Ребятам на руку, чтобы я трепался как можно больше — меньше времени останется на погром. Поэтому танцую от печки. Рассказываю, как не любил живопись, как впервые ее почувствовал, как поразился, увидев полотна Рабина, как организовал экспозицию. В руках у меня книга Роже Гароди «Реализм без берегов». Им будет полезно кое-что услышать. Но едва успеваю прочесть две фразы, парторг вскакивает:
— Где вы взяли книгу, изданную только для научных библиотек (это значит, что ее в магазинах не продавали и в библиотеках выдают лишь избранным)?
— Купил на черном рынке.
А он меня теснит, загоняет в угол:
— Ленина читали?
— Институт кончил. Конечно, читал.
— Следовательно, что такое соцреализм, знаете?
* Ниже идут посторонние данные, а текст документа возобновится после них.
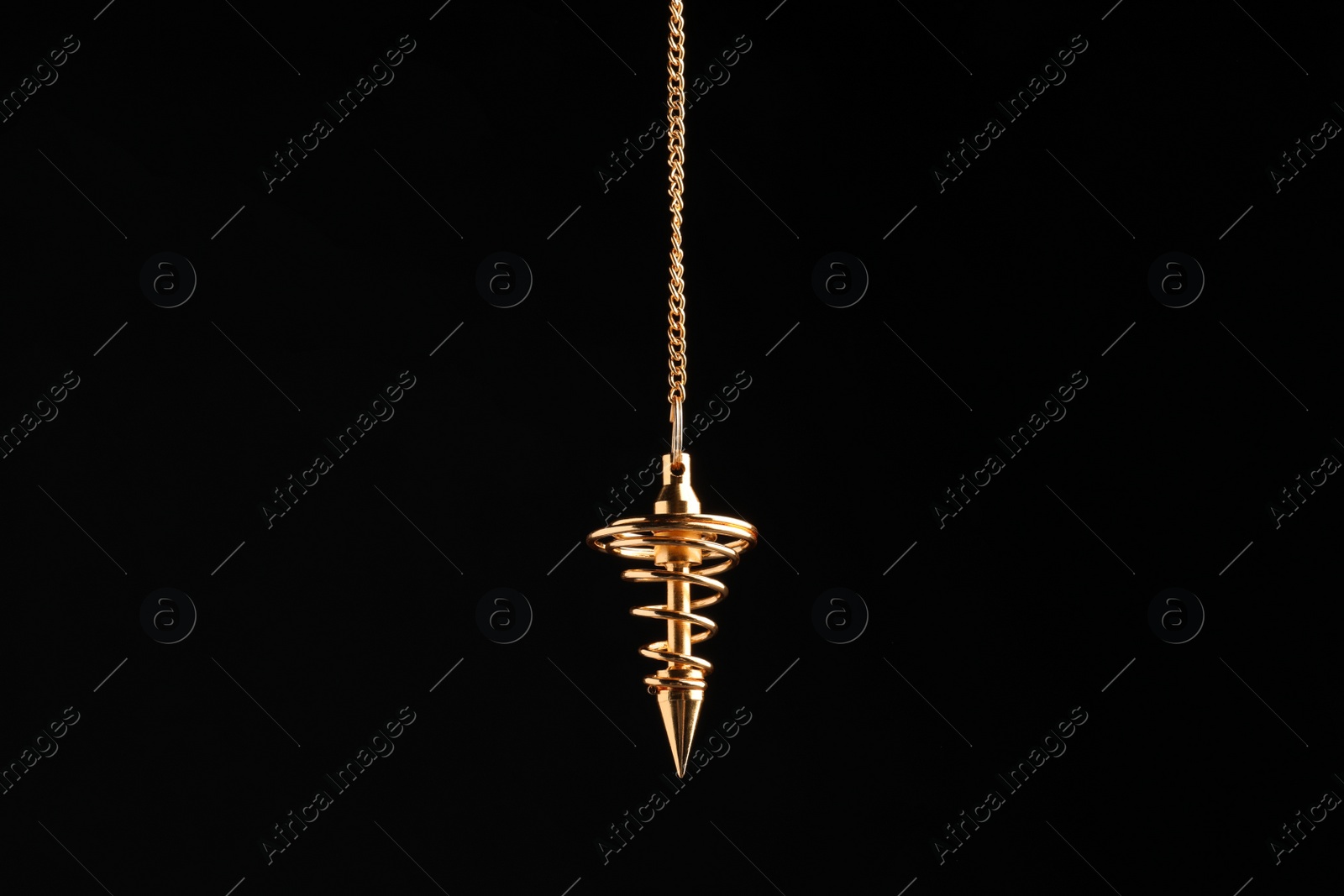 Photo of Beautiful golden pendulum with chain on black background. Hypnosis session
— Знаю. Но при чем тут Ленин?
— Тычет жирным пальцем в картину Оскара:
— По-вашему, это соцреализм? — И высокомерно глядит: податься, мол, тебе некуда!
А я, не запнувшись:
— Безусловно.
— Тогда мне не о чем с вами разговаривать!
Постой, Бережной, постой:
— Теперь у меня есть вопросы.
Парторг вне себя:
— Здесь вопросы задаю я! — и рукою рубит воздух, словно шашкой.
Апеллирую к залу:
— Товарищи, тут суд что ли? — И к Бережному: — Вам известно, что декретом Ленина Кандинский и Малевич в тысяча девятьсот восемнадцатом году были назначены главными художниками Петрограда? — Ты, парторг, ссылаешься на вождя, и я на него сошлюсь. Так и тебе, и твоим соратникам понятнее.
Его передернуло:
— Всему свое время!
О, да ты сам бок подставляешь! Укусим:
— По-моему, сейчас ленинское, а не сталинское время. — И с достоинством усаживаюсь. Смотрю на часы. Неплохо. Более получаса оттарабанил! Попозже еще раз вылезу. Куда там! Меня просят покинуть помещение. Дескать, у нас собрание, вас, хоть и не звали, выслушали. Спасибо и до свидания. Обидно, но подчиняюсь. В соседней комнате, где отчетливо звучит каждое сказанное в зале слово, толпятся художники-оформители.
Директор комбината искренне взволнован — страшится неприятностей. Голос дрожит:
— На кого мы только что тратили драгоценное время? Лежит такой интеллигентик на диванчике. Сзади него горит торшерчик. Попивает он кофеечек. Почитывает Роже Гароди. А потом нам цитирует. И к Оскару: — Товарищ Рабин! Если вы не патриот нашей социалистической отчизны, будьте хотя бы патриотом России или… родного комбината!
Директор почуял, что запутался. Закончил без воодушевления. И другие ораторы не блещут и больше на случайно затесавшегося Глезера накидываются вместо того, чтобы долбать модернистов. И вообще выступают почему-то одни партийцы. Художественные руководители отмалчиваются. Пуще того, Бережной четко выдал: станьте советскими гражданами и художниками, а потом претендуйте на членство в Союзе художников! Устраиваете провокацию, а потом пишете в ЦК! Ждете ответа? Не дождетесь!
А председатель художественного совета комбината семидесятилетний Роскин выкидывает фортель: принимается защищать обвиняемых, дескать, он против того, чтобы примитивно судить о психологии, о тонком аппарате художника… Через несколько месяцев Роскину припомнят неблаговидную адвокатскую роль, уберут с высокого поста. Но сегодня-то, сегодня как извернуться парторгу? За такой разброд начальство по головке не погладит!